I became an Arab political blogger by mistake, as the wave of change swept my feet off the ground, turned me upside down and opened my eyes to what I thought may never happen in my life time. I finally felt something I could relate to with people only kilometers away and also felt a need to voice my exuberance, describe my anger, and convey my hopes and dreams. I have humbly become a part of this blogosphere, whose credibility has also become my own, their honesty mine to protect, their responsibility mine to follow through.
And I can’t wait to see what 2012 will bring, and what my heart will skip a beat at next…
 Also see Arab Nationalism?
2 Replies to “Anatomy of an Arab Political Blogger”
To further highlight the power of social media, here’s a succinct overview of the “weapons of the digital age” as characterized by my former professor Alan Rosenblatt (http://bigthink.com/ideas/41705). It is true that these weapons, in the hands of the have-nots, have the potential to alter the political balance in the U.S. and the world. The fact that money more often than ideals rules politics itself is seldom exclusive to a single region in the world or political ideology.

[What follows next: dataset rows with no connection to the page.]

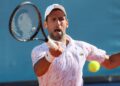 Novak doneo odluku, boriće se za svoj 18. grend slem na US Openu!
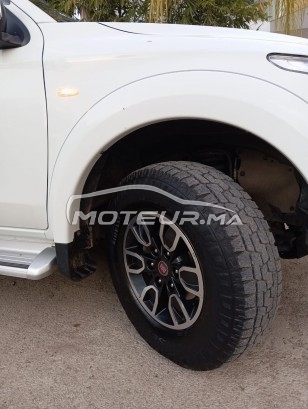 FIAT Fullback 4x4 occasion 1789150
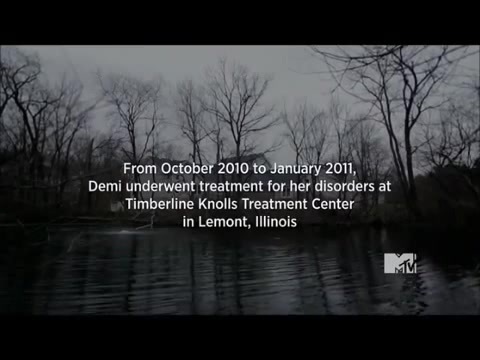 Demi Lovato - Stay Strong Premiere Documentary Full 37406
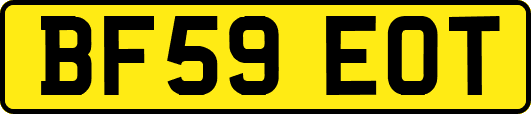 BF59EOT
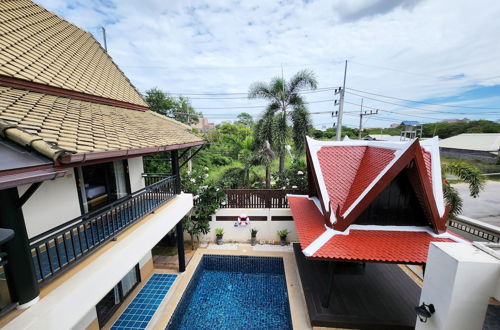 Photo 1 - Ramida Pool Villa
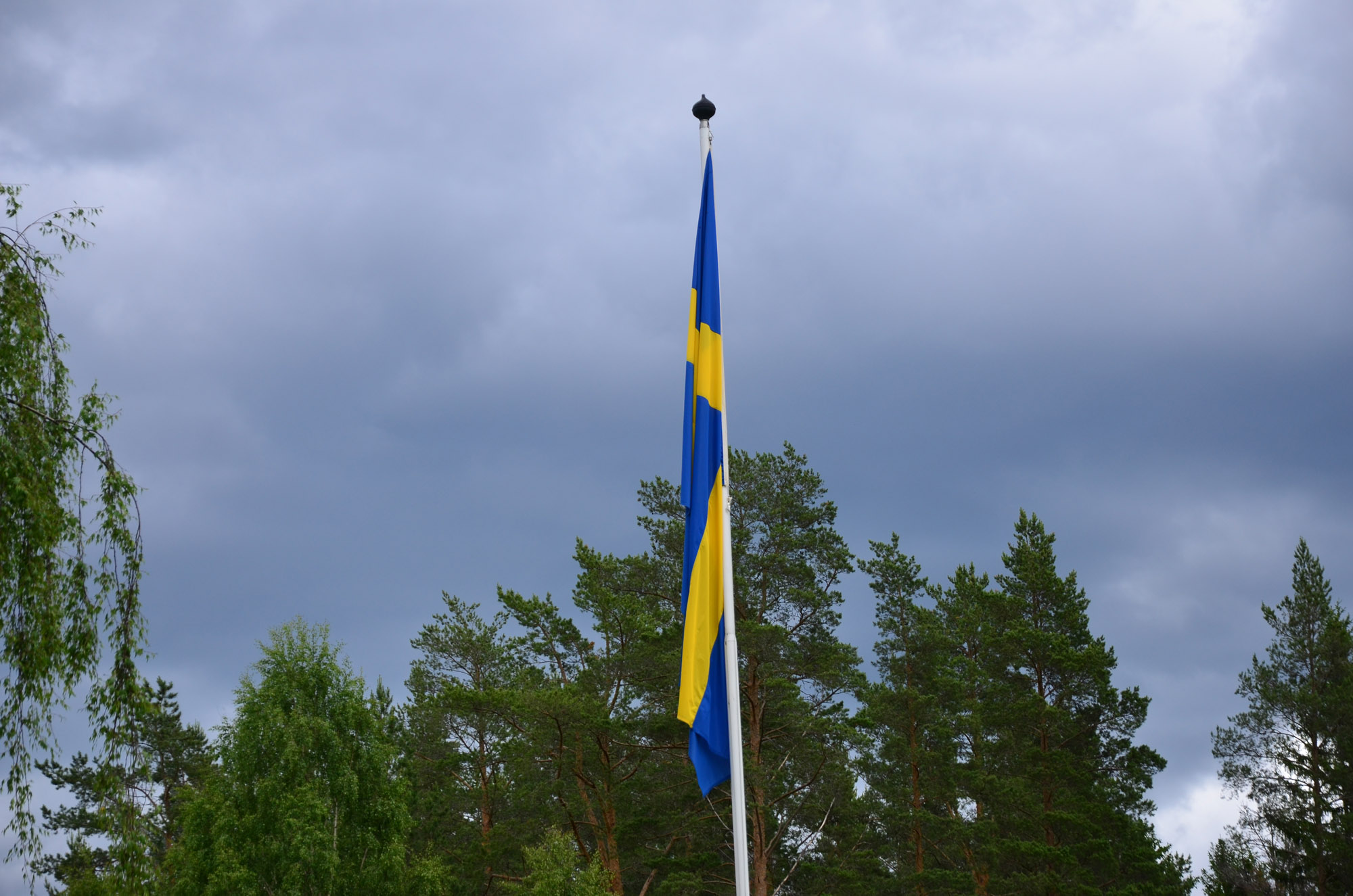 Röste.nu – Röstebilder – Midsommarfirande vid Dönjegården 2026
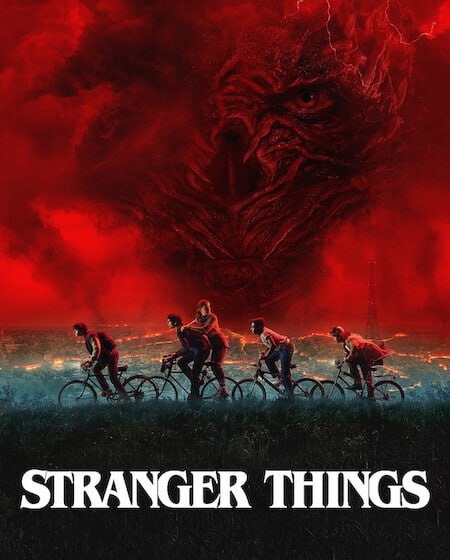 مشاهدة  مسلسل تحميل Stranger Things الموسم الخامس الحلقة 7 مترجمة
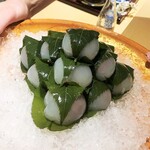 銀座 しのはら - 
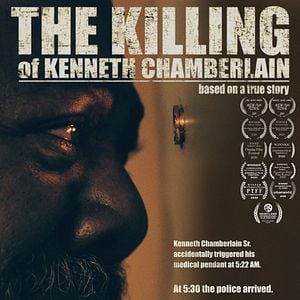 Fotoğraf The Killing Of Kenneth Chamberlain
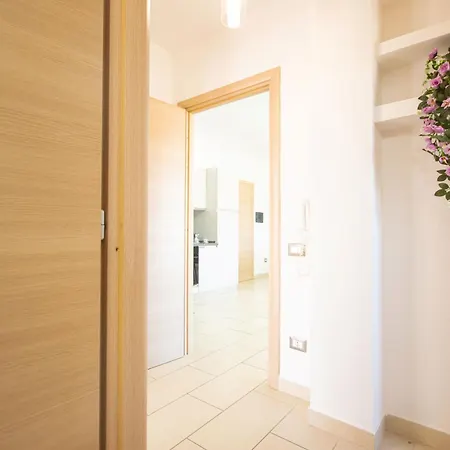 Appartement Capo Comino 3 La Caletta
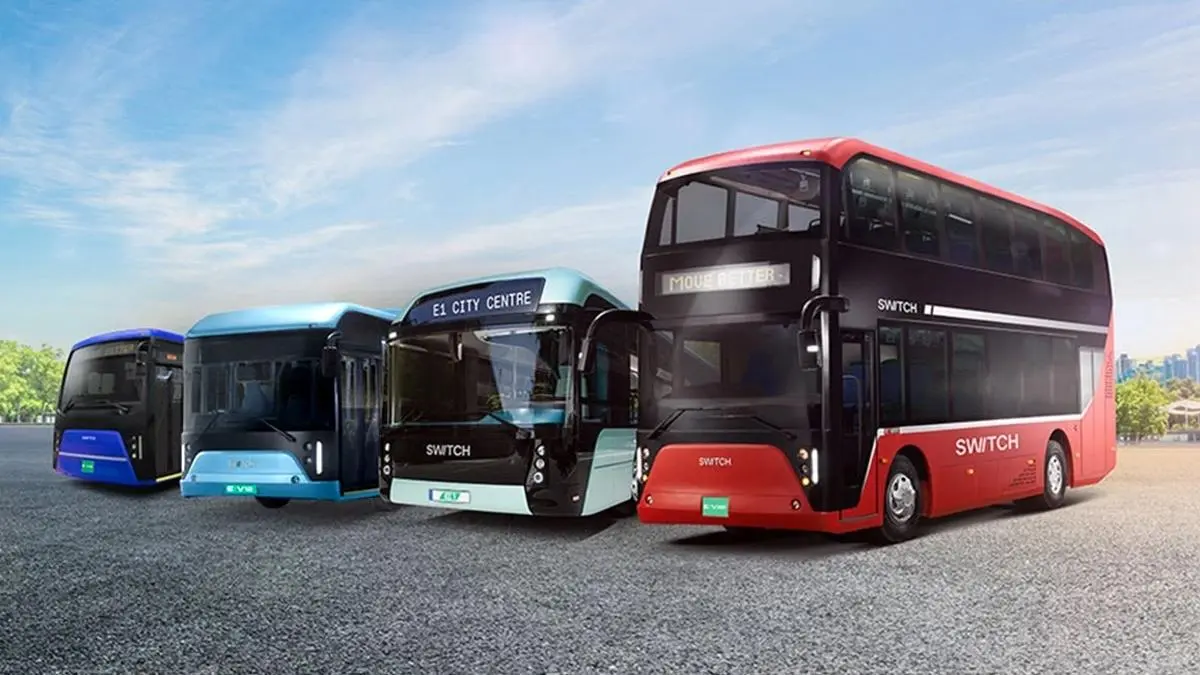 Switch Mobility to shut Sherburn factory amid industry struggles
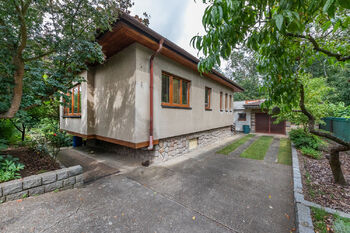 Prodej domu 130 m², Praha 5 - Zbraslav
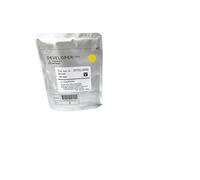 ZHAOXCAIN 1pcs 225G Developer Powder compatibile con MPC2000 MPC2500 MPC3000 MPC3500 MPC4500 Modelli di stampante(C)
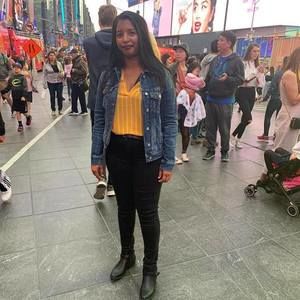 Meet your Posher, Diana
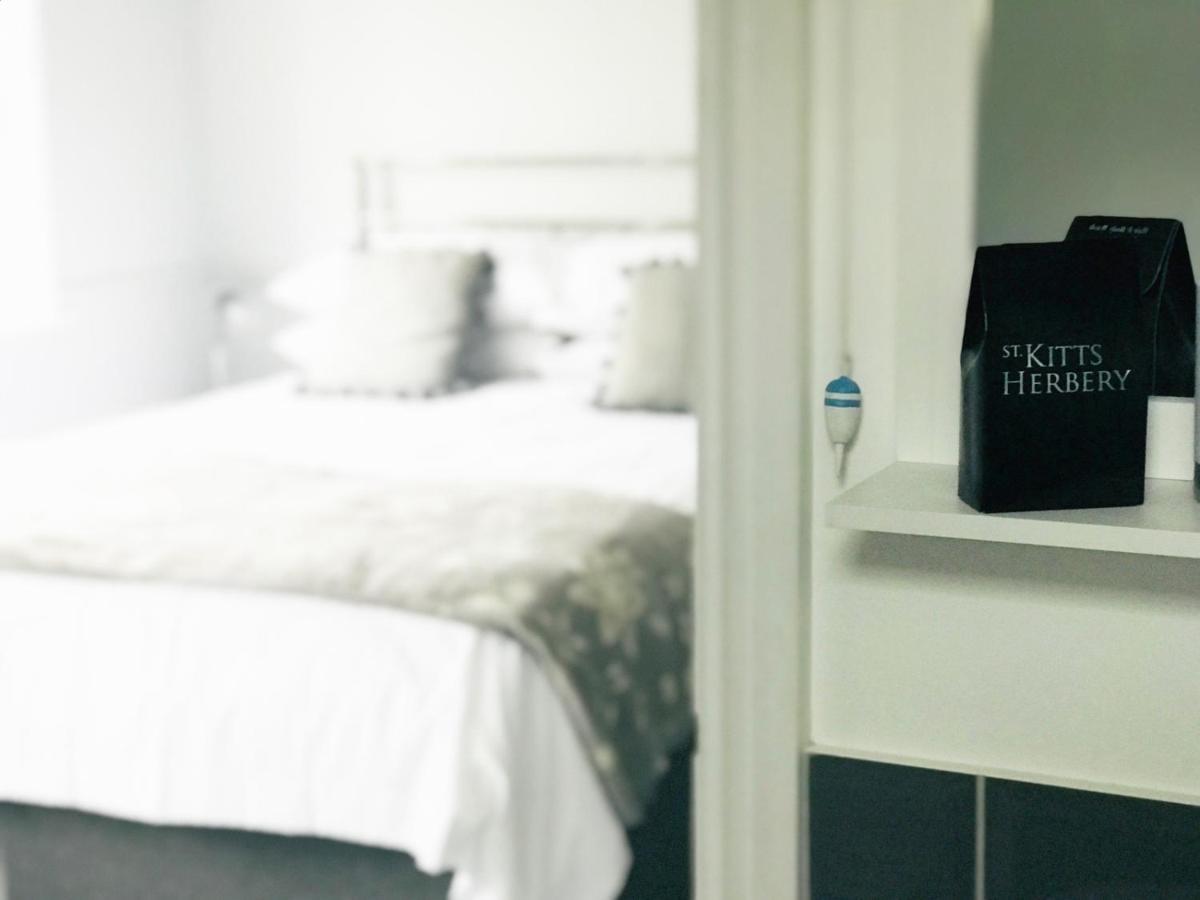 Olcote House Bed and Breakfast Padstow Buitenkant foto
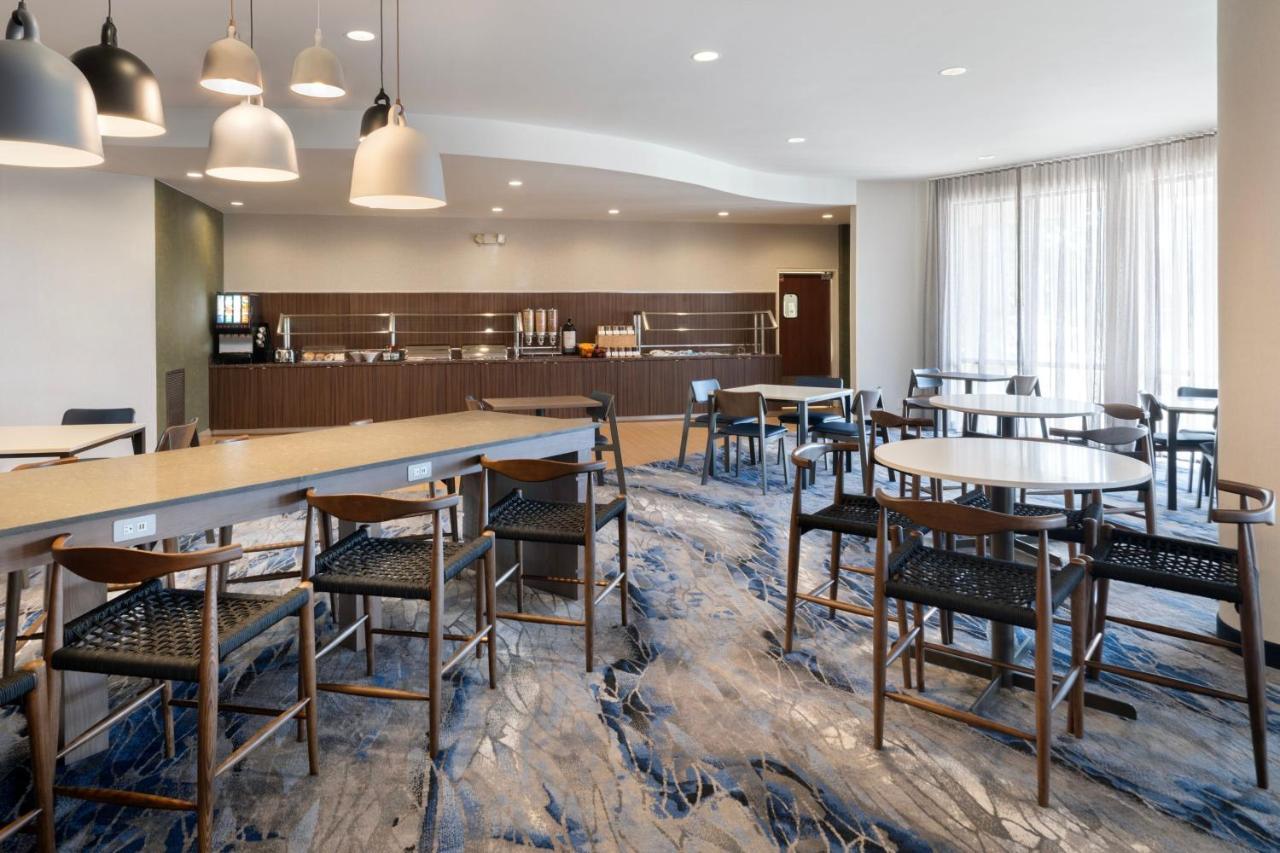 Fairfield Inn & Suites Orlando Ocoee Esterno foto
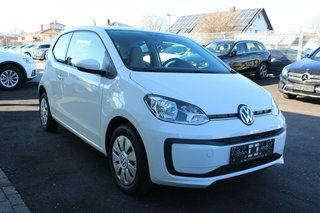 Volkswagen Up! Move Up! 1.0*Radio - photo 1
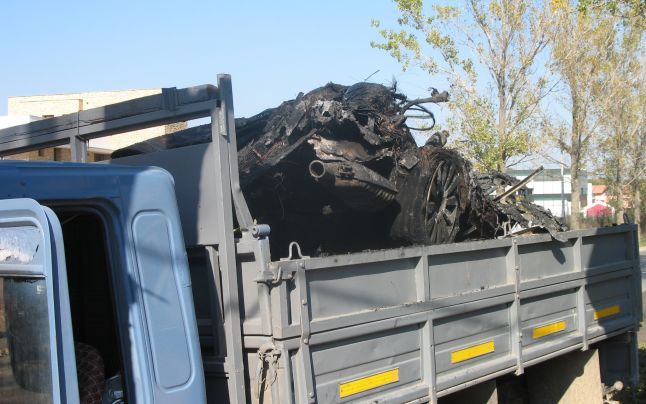 Trei noi ordine de protecție provizorii, emise de polițiștii covăsneni în weekend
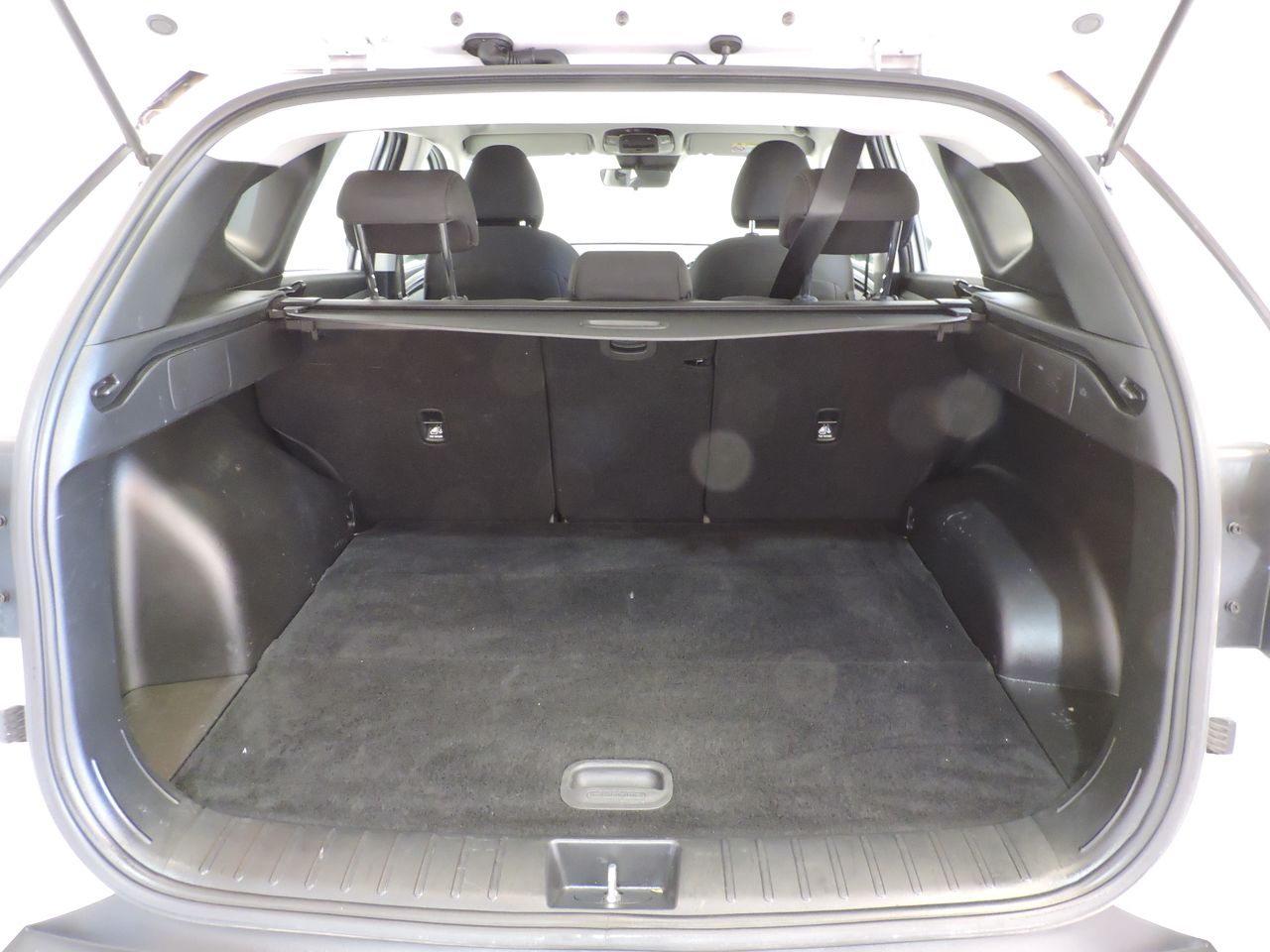 Hyundai Tucson Maxx 1.6 CRDi 48V 100 kW (136 CV) DCT - Foto 15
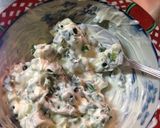簡単！美味い！牡蠣ネギね〜ず作り方3写真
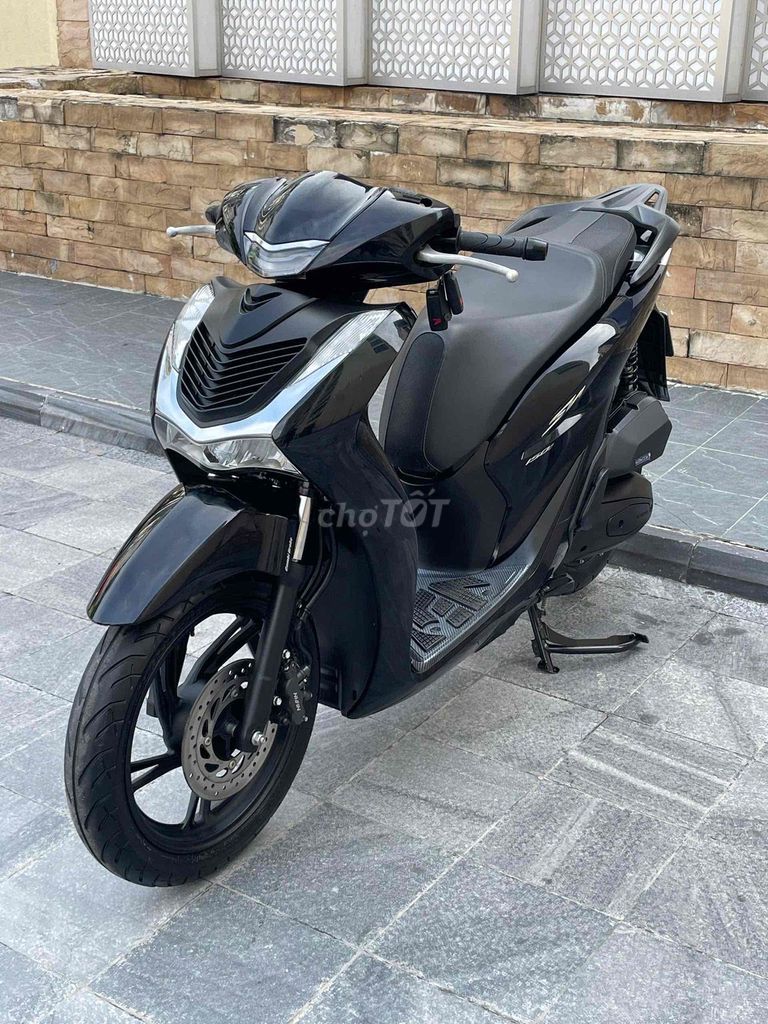 Honda SH 2022 - ảnh 3
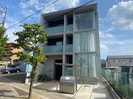 Casa Largo 岩倉の外観
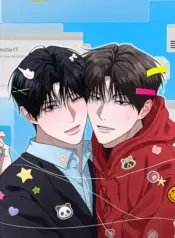 Socio No Editable manhwa yaoi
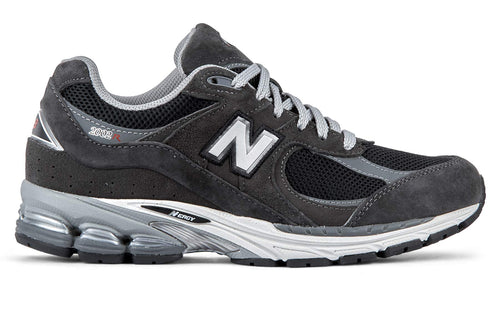 New Balance U2002RA - Black Cement/Black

Yet, when we look beyond the U.S., recent experience in the Arab world has shown us that social media gave a voice not only to the poor, but more importantly to those refusing to get sucked into the corrupt world of local politics, whether rich or poor. Refusing to get involved in a world that infused political fatigue and deep apathy unto an entire generation, which settled for security and stability instead of freedom and human rights. Social media enabled the young and the not so young to refuse to be labeled as supporters of any political party (mainly personality cults) or followers of a feudal political leader and have their take at expressing their ideas and engaging in social and political activism, or of any sort for that matter, that was of no interest to the traditional and shallow political class.
Arab online activism is older than the recent and ongoing Arab Revolutions, yet these revolutions certainly brought all the activity to center stage. Bloggers and activists opened a new war front in cyberspace against decaying regimes, and when the former decided to block access, creative ways were found to circumvent the obstacles. As is sometimes the case, using these digital weapons isn’t undertaken without risks. From Morocco to Bahrain, many Arab online activists and bloggers have been jailed and released, some are still in detention (while the blogosphere keeps them in their blogs and tweets so they are not forgotten), while others are still on the run to this day.
As Rosenblatt and I describe, political change in the digital age “will come from connecting online and offline social networks,” or will consist of “a delicate dance between the virtual and real.” What I see here in Lebanon and the Arab world are the young, being active and genuine political commentators, social and political activists, trying to bring change, as prominent Lebanese blogger Imad Bazzi puts it, “1 KB at a time.” And in this change, I truly have faith in…
Nice article. Keep up the good work!